ON a noiseless street stood a crackerless lad with a screechless fife and a headless drum,
Venting his glee in a voiceless shout, as a blareless band, all still and dumb,
Came down the length of the avenue, and a bugle corps blew a noteless blare,
While a screechless rocket with noiseless hiss cut a fireless path through the silent air.
The blareless band played a soundless tune and the crackerless lad gave a voiceless shout
As the rippling folds of the unfurled flag from the upheld standard fluttered out.
“Hurrah!” he cried with a voiceless cry, put forth from his lips in a speechless way.
“Hurrah for the guns of Lexington and the noiseless Independence Day!”

Then far away down the village street a smokeless gun belched a soundless roar,
A popless cracker fizzless died, and the band played a blareless tune once more;
The clickless guns of the village guards with a thudless sound dropped on the ground.
The marshal left his neighless horse, and the voiceless mob ranged all around;
A fizzless pinwheel silent whirred, and the drum corps joined in a tootless screech,
The lips of the village speaker moved in the tongueless strains of a wordless speech.
Then a graceless benediction fell, and the crackerless lad, in a voiceless way,
Gave a soundless shout for Bunker Hill and the noiseless Independence Day.

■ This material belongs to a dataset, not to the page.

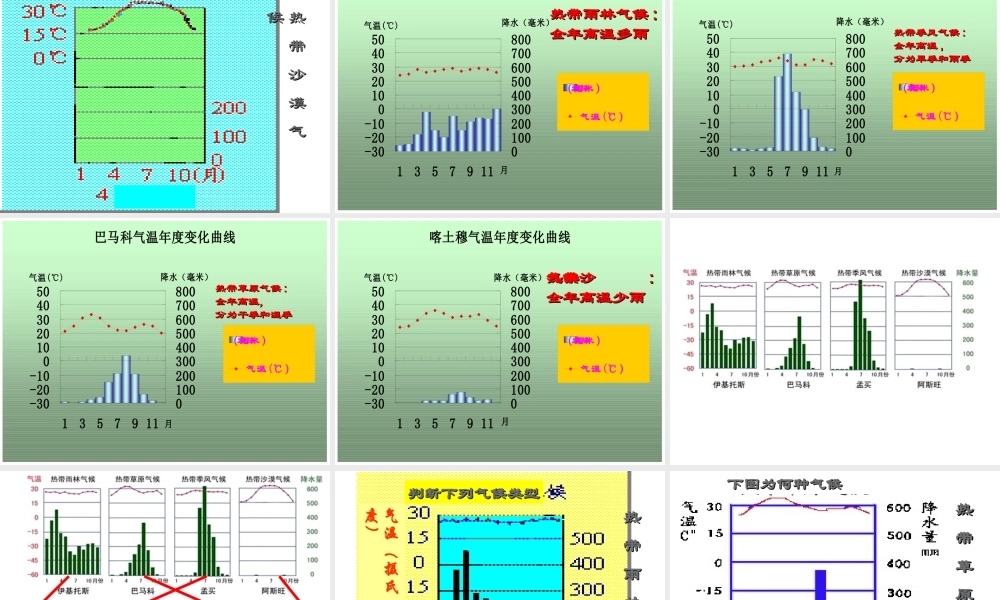 八年级地理上册 第二章 第二节 世界气候类型课件5 中图版-中图版初中八年级上册地理课件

Oh, the pulseless thrill of the noiseless guns and the tootless fifes and the headless drums,
The heartless joy of the crackerless lad, as the soundless pageant noiseless comes
Down the village street, and the sightless glow of the hissless rocket’s fireless glare
With noiseless swish from the silent earth through the measureless breadth of the lightless air!
But a fingerless youth of the olden time, when crackers popped and cannons roared,
Looked on the scene with much disgust and the look of a lad who is greatly bored;
And he cried aloud—’twas the only sound that was heard, not made in a voiceless way:
“Dog-gone the guns at Bunker Hill and the noiseless Independence Day!”

CONSCIOUS IGNORANCE

I’M only ’ist a little girl,
An’ w’en I want to play
An’ Mamma says don’t go outside
Our yard this livelong day,
An’ w’en some other girls ’ey come
An’ pester me to go,
It may be wrong, but I’m so young,
How does she s’pose I know?

An’ ’en w’en she goes out sometimes
An’ says: “Now go to bed
At eight o’clock this very night,”
I ’member what she said.
But w’en the mantel clock strikes eight
An’ I don’t want to go,
It may be wrong, but I’m so young,
How does she s’pose I know?

An’ w’en she says: “Now, don’t go near
The cookie jar this day,”
I want some cookies awful much
An’ try to stay away.
But all the time I’m hungry for
Some cookies, an’ I go—
It may be wrong, but I’m so young,
How does she s’pose I know?

I’m only ’ist a little girl
Not more ’n six years old,
An’ my, I always try to do
E’zactly as I’m told.
But w’en I make ’ist one mistake,
My Ma ought not to go
An’ punish me, ’cause I’m so young,
How does she s’pose I know?

THE PLAYTIME OF BACHELOR BILL

OUR Uncle Bill’s a bachelur, an’ it’s an awful shame,
’Cuz he knows stories about bears an’ knows ’em all by name.
An’ growls ’ist like a really one an’ makes you think a bear
Is underneath th’ table, but of course it isn’t there.
An’ when he takes you on his knee he talks ’ist like a book
An’ after w’ile your eyes get big an’ you’re a-scairt to look
W’en he says: “Nen a bear come out an’ ’ist went Boo-oo-oo!”
Becuz you almost think a bear is really after you.